The records appear below. Set down exactly each line from the one that contains "Used Ford Focus" through the last, both included.
+++ Exercise material
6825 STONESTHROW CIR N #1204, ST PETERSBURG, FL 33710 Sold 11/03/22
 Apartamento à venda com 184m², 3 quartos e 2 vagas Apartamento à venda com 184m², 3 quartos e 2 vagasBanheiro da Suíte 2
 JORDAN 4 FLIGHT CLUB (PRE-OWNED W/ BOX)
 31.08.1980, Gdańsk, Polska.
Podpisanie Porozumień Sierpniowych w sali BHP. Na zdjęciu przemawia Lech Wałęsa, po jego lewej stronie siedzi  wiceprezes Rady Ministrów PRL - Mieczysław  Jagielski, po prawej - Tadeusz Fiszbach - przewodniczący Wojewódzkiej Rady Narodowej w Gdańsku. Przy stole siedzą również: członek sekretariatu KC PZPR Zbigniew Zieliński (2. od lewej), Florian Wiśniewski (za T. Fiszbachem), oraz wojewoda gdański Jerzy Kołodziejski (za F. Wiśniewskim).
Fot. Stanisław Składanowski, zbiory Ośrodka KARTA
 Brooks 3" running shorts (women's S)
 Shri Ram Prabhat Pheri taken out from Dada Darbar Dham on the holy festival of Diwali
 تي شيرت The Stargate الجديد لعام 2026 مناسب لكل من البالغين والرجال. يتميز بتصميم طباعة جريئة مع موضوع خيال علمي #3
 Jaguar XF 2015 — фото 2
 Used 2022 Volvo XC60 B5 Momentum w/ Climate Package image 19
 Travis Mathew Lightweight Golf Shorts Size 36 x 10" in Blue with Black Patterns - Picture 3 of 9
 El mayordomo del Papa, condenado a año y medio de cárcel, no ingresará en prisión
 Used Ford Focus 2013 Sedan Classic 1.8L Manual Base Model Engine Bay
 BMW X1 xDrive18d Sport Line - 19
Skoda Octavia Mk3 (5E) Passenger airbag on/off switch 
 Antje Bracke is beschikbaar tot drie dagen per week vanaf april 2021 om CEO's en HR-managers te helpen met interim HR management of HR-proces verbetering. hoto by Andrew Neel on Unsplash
++++++
Response for this exercise =
 Used Ford Focus 2013 Sedan Classic 1.8L Manual Base Model Engine Bay
 BMW X1 xDrive18d Sport Line - 19
Skoda Octavia Mk3 (5E) Passenger airbag on/off switch 
 Antje Bracke is beschikbaar tot drie dagen per week vanaf april 2021 om CEO's en HR-managers te helpen met interim HR management of HR-proces verbetering. hoto by Andrew Neel on Unsplash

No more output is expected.